LA SPEZIA, ITALY — After years of putting its faith in the development of guided munitions — for both naval and land use — Italy’s Oto Melara now claims it has working technology and a range of products ready for sale.
“We have had the breakthrough and we are on the downhill slope now,” said CEO Roberto Cortesi, adding, “We know now we have a system that works.”
Oto Melara, a unit of Italy’s Finmeccanica, has spent €200 million (US $278 million) on developing a range of munitions with small moveable fins that steer a projectile toward its target using a variety of guidance systems.
A key characteristic of the munitions is that when fired from the cannon, they are clad in a sabot, or jacket, which protects the fins in the barrel before falling away in flight. Since the shells are therefore smaller than the caliber of the gun, they have less destructive potential but fly farther while costing far less than a missile.
Under a development and industrialization contract, Italy’s Defense Ministry is testing munitions developed for Oto Melara’s 127mm naval cannon and 155mm howitzer that are guided by GPS and an inertial measurement unit, as well as variants adding infrared targeting for naval use and semi-active laser targeting.
The so-called Vulcano range also contains an unguided shell — now being qualified — that does not have fins but comes in a sabot and reaches 60 kilometers in the 127mm configuration thanks to its sub-caliber size.
“We aim to have all variants in initial production by 2016 with delivery the following year,” one company official said.
All the 127mm Vulcano munition types are under contract from Italy for use on its multimission frigates. Holland, which has four naval 127mm compact cannons fit for Vulcano munitions, and Germany, which has ordered five 127mm cannons from Oto Melara for its F125 frigates, are potential users and are yet to decide which types of guided munition they want.
Oto Melara officials said Japan and South Korea, which operate 127mm naval cannons, were also watching development, while Algeria, which has ordered the cannon from Oto Melara for its German Meko frigates, is also interested.
Cortesi said Oto Melara had tried without success to place its cannons on US littoral combat ships, and has since reduced the head count at its US operation Oto Inc.
Meanwhile, Oto Melara’s Strales program for its 76mm cannon has seen sales so far to Italy, for use on its multimission and Horizon frigates and Cavour carrier, and to Colombia. The cannon fires a munition that is guided to its target — an aircraft or incoming missiles — by a beam directed at the target by the ship’s radar.

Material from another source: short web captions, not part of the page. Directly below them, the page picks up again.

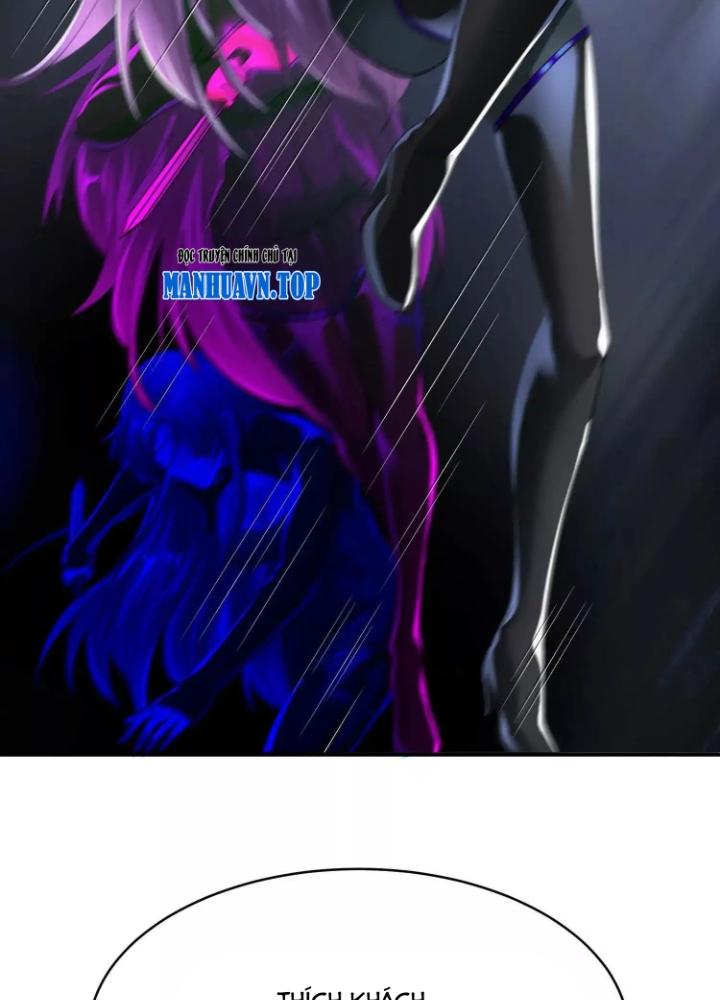 Tạo Vật Giả Chapter 80 - Trang 2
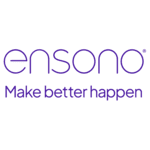 client-logo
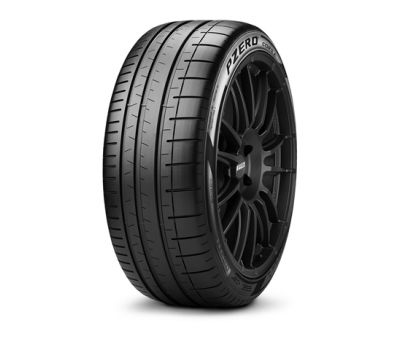  Pirelli PZERO CORSA (PZC4) 275/30/R20 97Y XL vara 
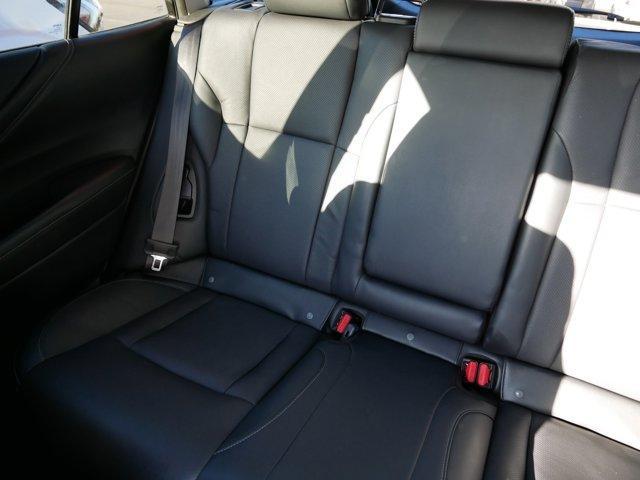 used 2023 Subaru Outback car, priced at $28,988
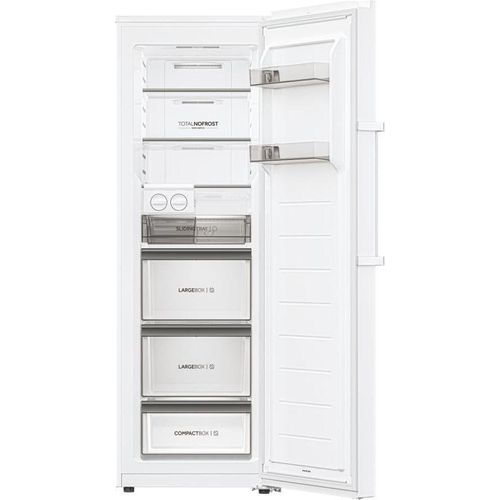 HAIER H4F272WDH1 Gefrierschrank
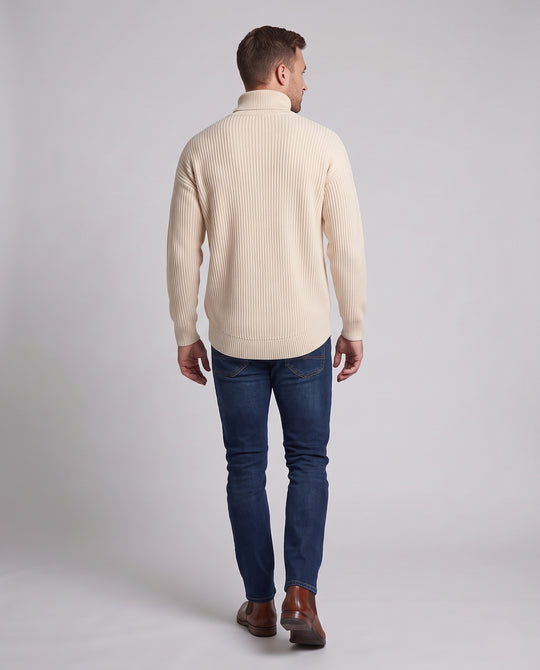 Product 11012929421658 - back_view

The program is undergoing a qualifying program this year on the Italian naval vessel Foscari, and Italy has purchased about 500 shells for testing and stocks. The Colombian Navy has taken about 100 shells to equip its four 76mm cannons, two of which require conversion kits to upgrade them to fire the munition.
The Strales system is in competition to equip the Singapore Navy, and one Oto Melara official said Singapore has said that instead of using the offered beam emitter that sits on the cannon, it could be used with the Thales Pharos radar, which can both track targets and emit beams to steer munitions.
“It is a cost-effective solution, and we could offer that type of setup to future customers,” the Oto Melara official said.
Officials said they are still developing — with limited Italian funding — the Vulcano 76 program, launched in 2011, which envisions the use of a GPS-guided 76mm munition.
Armor-piercing variants for the 127mm and 155mm guns are also being developed in collaboration with the Italian MoD.
Also in the works is the Scout, an unarmed munition that uses GPS to relay its position during flight in real time, indicating the strength of wind and other atmospheric conditions, allowing operators to adjust their aim when they choose to fire the unguided 127mm munition.
Finmeccanica managers have dropped hints over the years that Oto Melara is ripe for merging with one of Europe’s other land systems firms, given that the sector is overcrowded in Europe, even as defense budgets shrink.
Cortesi said the firm has gotten “very close” to forging ties with another firm, which he did not name, but had broken off talks because of the lack of guarantees of sovereignty. “We believe we are strategic for Italy and Italy would have lost know-how,” he said. The door remains open on program level partnerships, he added.